The source quoted earlier said airlines would be encouraged to bring small aircraft which are already allowed several concessions. For example, ATR aircraft (which seat up to 72 people) are already exempt from airport charges, get Aviation Turbine Fuel at 4% VAT against 25-30% for other aircraft. In addition to these concessions, the Airports Authority of India (AAI) will not charge any navigation charges from aircraft which fly on regional routes.

Besides, state Governments have been asked to underwrite 10% seats on such aircraft and provide security at designated airports under BCAS supervision. Such airports will also need to be provided water, power and tax holidays by the state Government.

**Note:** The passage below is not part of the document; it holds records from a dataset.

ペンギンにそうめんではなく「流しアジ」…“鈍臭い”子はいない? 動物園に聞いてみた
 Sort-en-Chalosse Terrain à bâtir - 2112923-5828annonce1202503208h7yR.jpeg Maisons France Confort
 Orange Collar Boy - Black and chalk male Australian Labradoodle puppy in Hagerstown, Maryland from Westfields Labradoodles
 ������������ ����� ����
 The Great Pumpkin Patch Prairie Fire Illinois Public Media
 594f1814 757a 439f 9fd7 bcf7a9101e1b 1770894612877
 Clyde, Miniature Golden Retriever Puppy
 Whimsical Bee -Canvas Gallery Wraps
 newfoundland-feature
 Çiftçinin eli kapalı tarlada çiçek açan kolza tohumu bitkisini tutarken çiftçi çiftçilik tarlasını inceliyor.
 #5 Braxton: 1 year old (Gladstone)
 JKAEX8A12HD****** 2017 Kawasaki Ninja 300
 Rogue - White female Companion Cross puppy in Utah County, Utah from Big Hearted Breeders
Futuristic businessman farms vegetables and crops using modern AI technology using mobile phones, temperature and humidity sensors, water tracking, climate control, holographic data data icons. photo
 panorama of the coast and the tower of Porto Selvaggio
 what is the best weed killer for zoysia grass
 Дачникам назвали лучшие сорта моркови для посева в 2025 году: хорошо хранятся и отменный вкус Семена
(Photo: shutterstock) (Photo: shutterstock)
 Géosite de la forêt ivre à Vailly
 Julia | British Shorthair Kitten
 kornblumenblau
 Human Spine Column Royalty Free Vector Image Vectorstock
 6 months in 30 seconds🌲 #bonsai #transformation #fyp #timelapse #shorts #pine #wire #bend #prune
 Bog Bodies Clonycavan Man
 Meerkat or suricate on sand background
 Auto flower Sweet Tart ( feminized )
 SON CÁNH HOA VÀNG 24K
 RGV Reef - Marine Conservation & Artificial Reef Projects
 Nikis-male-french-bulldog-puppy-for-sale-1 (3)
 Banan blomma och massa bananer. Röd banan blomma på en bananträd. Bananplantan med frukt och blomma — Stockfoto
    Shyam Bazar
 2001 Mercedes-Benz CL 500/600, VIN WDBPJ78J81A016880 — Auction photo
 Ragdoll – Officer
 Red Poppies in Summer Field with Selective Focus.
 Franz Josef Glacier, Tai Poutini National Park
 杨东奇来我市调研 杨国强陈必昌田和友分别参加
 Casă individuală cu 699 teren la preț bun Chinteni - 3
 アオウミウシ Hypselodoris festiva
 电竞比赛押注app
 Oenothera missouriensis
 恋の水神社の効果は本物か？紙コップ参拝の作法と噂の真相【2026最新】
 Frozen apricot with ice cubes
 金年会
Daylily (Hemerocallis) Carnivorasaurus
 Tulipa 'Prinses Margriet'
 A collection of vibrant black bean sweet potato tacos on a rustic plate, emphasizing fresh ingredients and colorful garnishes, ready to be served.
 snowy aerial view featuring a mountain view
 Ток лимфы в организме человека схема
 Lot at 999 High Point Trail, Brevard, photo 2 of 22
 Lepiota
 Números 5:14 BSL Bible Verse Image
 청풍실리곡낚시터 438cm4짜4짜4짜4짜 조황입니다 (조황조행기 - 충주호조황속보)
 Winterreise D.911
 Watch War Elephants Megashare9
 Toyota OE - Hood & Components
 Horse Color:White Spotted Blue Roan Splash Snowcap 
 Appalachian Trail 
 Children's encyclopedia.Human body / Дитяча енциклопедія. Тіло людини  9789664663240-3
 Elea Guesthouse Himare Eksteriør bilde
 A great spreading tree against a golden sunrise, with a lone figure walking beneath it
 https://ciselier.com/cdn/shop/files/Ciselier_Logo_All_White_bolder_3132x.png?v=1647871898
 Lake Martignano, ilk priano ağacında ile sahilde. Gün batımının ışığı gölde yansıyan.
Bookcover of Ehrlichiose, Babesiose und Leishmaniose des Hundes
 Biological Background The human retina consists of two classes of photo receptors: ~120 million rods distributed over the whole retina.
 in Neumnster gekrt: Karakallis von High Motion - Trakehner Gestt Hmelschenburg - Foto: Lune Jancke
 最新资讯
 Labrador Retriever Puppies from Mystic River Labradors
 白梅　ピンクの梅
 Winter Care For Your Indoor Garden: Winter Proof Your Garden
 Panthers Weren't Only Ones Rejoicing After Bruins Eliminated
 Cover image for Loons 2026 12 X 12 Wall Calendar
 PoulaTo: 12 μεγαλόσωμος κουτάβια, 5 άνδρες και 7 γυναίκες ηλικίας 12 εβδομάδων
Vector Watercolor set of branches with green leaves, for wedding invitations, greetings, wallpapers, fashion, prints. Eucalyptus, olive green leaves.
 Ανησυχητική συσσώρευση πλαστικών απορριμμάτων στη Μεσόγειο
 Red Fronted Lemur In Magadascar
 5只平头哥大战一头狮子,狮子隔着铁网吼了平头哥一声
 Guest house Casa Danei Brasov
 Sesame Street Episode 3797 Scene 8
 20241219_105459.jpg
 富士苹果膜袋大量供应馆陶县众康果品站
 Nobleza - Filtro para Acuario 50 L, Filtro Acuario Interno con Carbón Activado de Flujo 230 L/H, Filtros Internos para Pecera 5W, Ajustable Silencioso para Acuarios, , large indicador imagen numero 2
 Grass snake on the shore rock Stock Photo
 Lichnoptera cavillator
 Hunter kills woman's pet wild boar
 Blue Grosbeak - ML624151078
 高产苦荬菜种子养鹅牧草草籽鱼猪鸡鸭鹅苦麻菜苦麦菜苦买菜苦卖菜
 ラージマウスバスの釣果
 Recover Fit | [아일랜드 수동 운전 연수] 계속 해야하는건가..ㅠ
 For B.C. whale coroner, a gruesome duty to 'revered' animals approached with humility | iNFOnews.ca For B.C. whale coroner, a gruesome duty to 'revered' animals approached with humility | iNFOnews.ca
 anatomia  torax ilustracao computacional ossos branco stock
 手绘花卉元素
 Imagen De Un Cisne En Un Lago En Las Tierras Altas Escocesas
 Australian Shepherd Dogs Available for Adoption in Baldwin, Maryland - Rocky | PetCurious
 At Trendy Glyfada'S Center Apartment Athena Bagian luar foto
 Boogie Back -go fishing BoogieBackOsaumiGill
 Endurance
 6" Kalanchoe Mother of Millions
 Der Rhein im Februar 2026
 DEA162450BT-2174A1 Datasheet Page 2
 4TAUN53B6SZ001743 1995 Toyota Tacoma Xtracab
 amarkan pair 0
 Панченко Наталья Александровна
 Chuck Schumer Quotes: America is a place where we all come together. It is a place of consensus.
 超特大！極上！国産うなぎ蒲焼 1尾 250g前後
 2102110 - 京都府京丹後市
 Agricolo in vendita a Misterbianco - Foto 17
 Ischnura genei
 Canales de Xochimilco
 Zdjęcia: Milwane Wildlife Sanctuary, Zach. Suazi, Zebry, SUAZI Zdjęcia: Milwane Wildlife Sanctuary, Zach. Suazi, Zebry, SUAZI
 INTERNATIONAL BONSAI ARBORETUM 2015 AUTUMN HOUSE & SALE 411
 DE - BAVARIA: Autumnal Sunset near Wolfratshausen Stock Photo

This source said Deloitte has identified 80 such small towns and cities where connectivity should be provided but in 40 of these, it is possible to get airlines to fly immediately because adequate facilities for airport etc are already present. The subsidy amount of Rs 350-400 crore is valid for these 40 cities as of now.

He said the policy will be now put up for a public debate, then taken to the Cabinet and if approved, should be in place by April.

So far, so good. But what happens if airlines do not want to fly unviable routes despite the subsidy?

The Ministry has already been in the airlines' cross hairs since it has not permitted established ones like IndiGo to import required aircraft for scheduled flights recently, arguing that the emphasis should now be on regional connectivity. It has also indicated its intention to control air capacity in the country.

The proposal to increase regional connectivity is welcome, but should not be done by arm twisting airlines which are already bearing a high cost burden due to irrational taxes on jet fuel.